Records excerpted from a collection =
"""

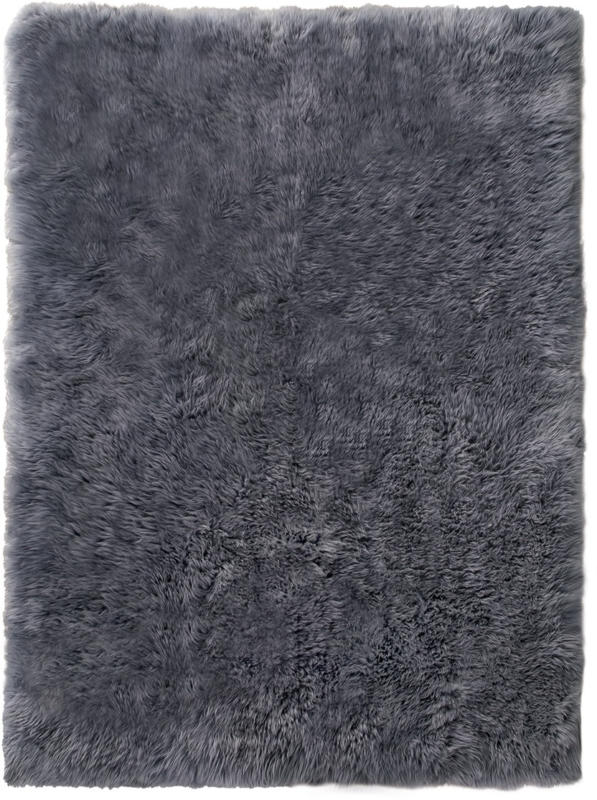 Tapis fourrure véritable ECHTFELL-TEPPIC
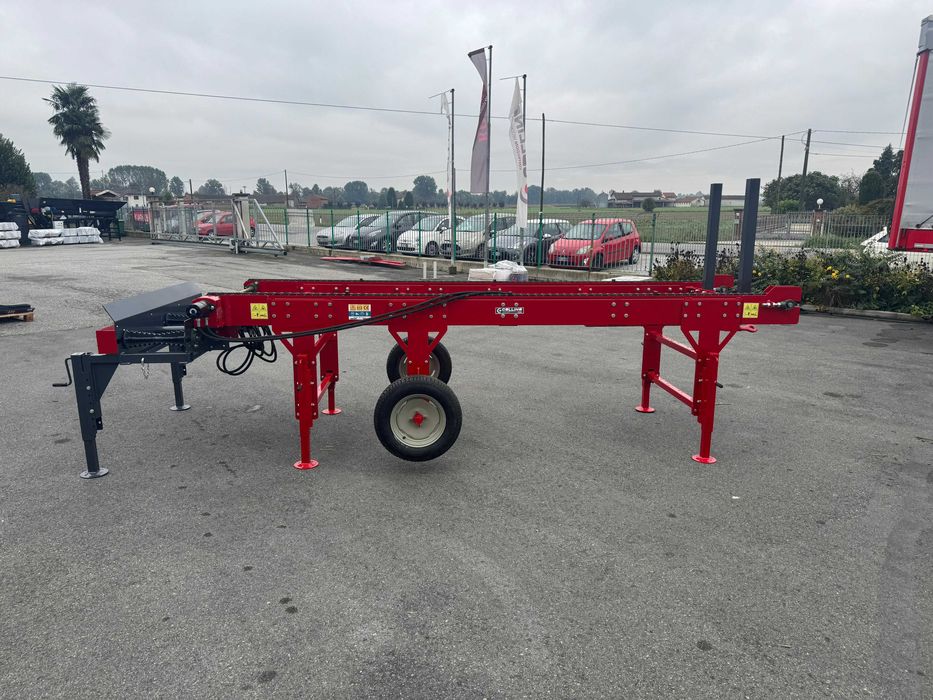 Piło-Łuparka do drewna Collino MC1000 . 3 lata Gwarancji.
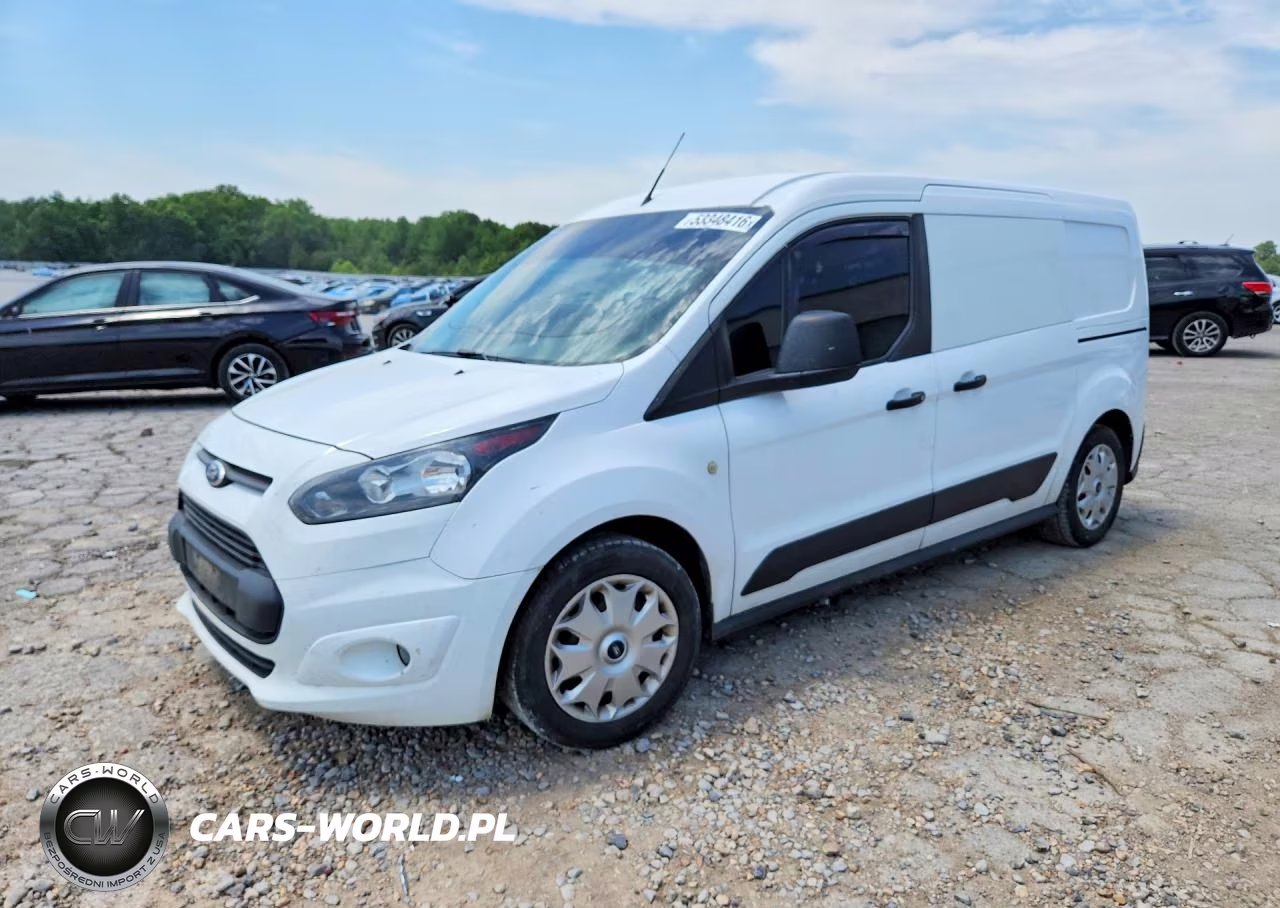 2015 Ford Transit Connect Xlt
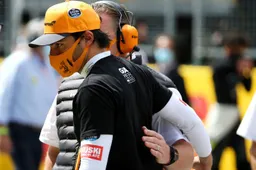 Sainz dissatisfied: "Should have had at least 40 points more"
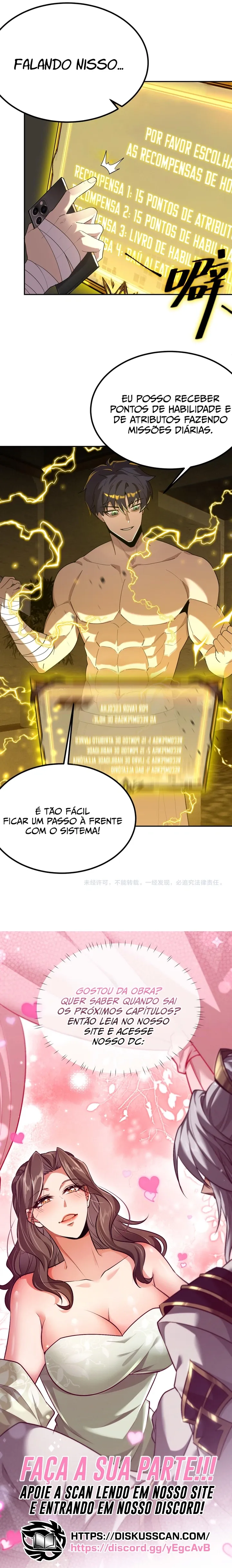 Cavaleiro Santo De Grau SSS Capítulo 33 Página 8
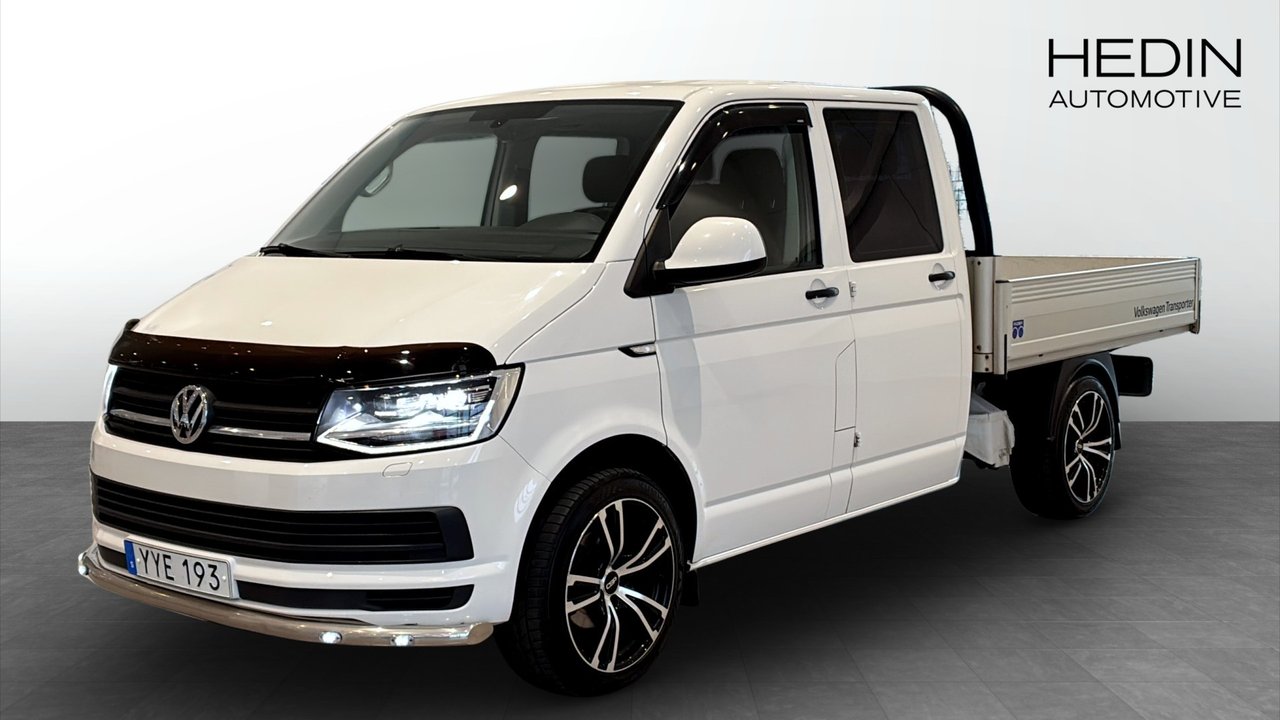 Volkswagen transporter Chassi...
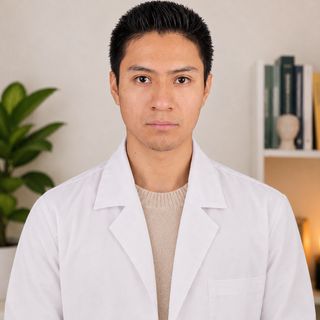 Duilio Leonardo Portuguéz Jiménez, Psicólogo Ciudad de México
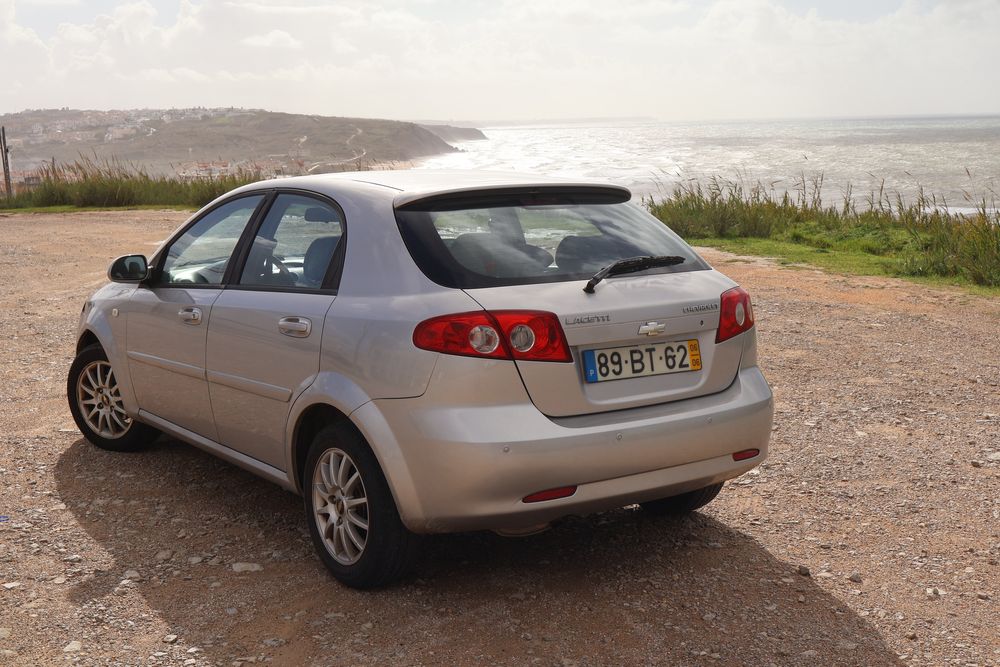 Chevrolet Lacceti 1,4 140 mil kms ( ano 2006)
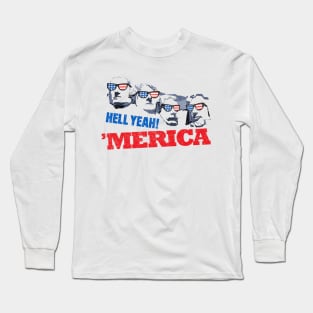 'Merica Long Sleeve T-Shirt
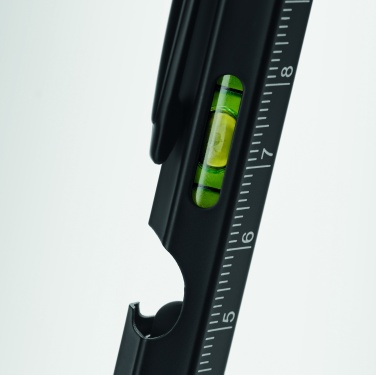 Logotrade promotional giveaways photo of: Spirit level pen with ruler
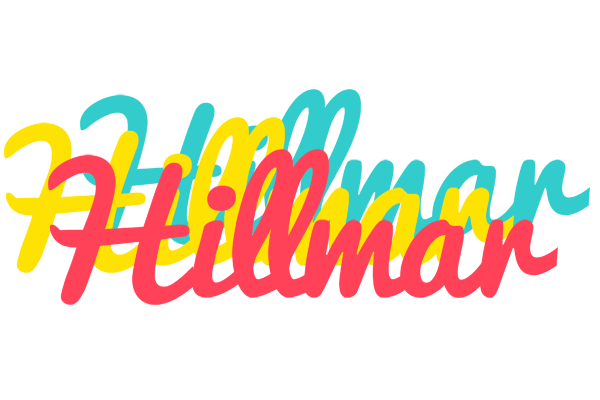 Hillmar disco logo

"""

All pictures are to be skipped. Output, word for word, the lines in the data above starting at the line containing "have had at" and ending at the line containing "Long Sleeve T-Shirt".

 Sainz dissatisfied: "Should have had at least 40 points more"
 Cavaleiro Santo De Grau SSS Capítulo 33 Página 8
 Volkswagen transporter Chassi...
 Duilio Leonardo Portuguéz Jiménez, Psicólogo Ciudad de México
 Chevrolet Lacceti 1,4 140 mil kms ( ano 2006)
 'Merica Long Sleeve T-Shirt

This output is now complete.